As I outlined in a post last year the Indian agricultural market is tough. Farm ownership tends to be heavily fragmented, the infrastructure is often poor and historically the supply chain has been clogged by middlemen. This makes life difficult for both farmers and the buyers. For example, often farmers would have to travel for days to a market with no knowledge of current prices, once there the exploitative middlemen could pay below the market rate and refuse to pay any premium for quality. It has been estimated that farmers were losing up to 60% of the value of their crop as a result. This in turn disincentivised the farmers from improving their crop quality and made supply to the industry’s big buyers unpredictable. Large food buyers, such as ITC Limited (an Indian conglomerate), would surely have to accept this status-quo?
机 jī opportunity
No, to the contrary ITC has harnessed technology to overcome these structural problems by investing in internet kiosks in rural villages.
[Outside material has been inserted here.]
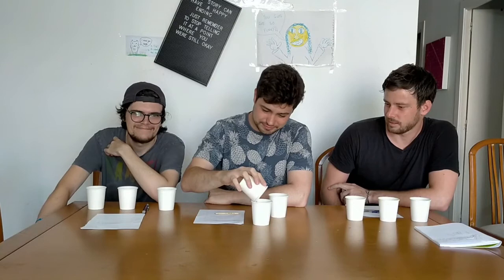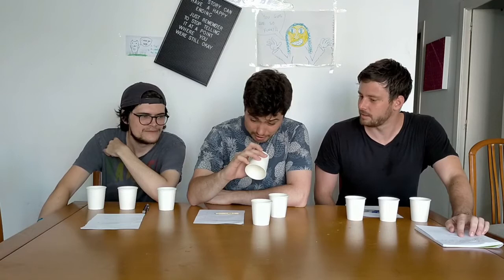Moss goes in order of favourite to least favourite. Starting with number 3, he thinks it's the bottled water because it tastes like water. His second favourite, he thinks is filtered water because it tastes like water — just a little bit shittier, a little tinge of something. His least favourite is A — and that turns out to be the tap water. So Moss got the tap water and the filter water mixed up.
The kiosks, named eChoupals, enable the farmers to sell direct to ITC at an agreed price, give access to best practices and enable them to place orders for agricultural inputs such as seeds and fertilizers. In order to instill trust in the system ITC trains a local farmer to run the system and places it in their house – on average each serves 600 farmers in the surrounding ten villages. To ensure that they remain incentivised the sanchalaks receive a small service fee. Even after this service fee it is estimated that farmers’ profits have increased by more than a third and ITCs costs have reduced. The conglomerate plans to scale up to 20,000 eChoupals by 2012 (from 6,500 today) potentially servicing 15 million farmers.
- Harnessing technology to disintermediate inefficient value chains?
- Empowering local talent to assist in supporting your customers?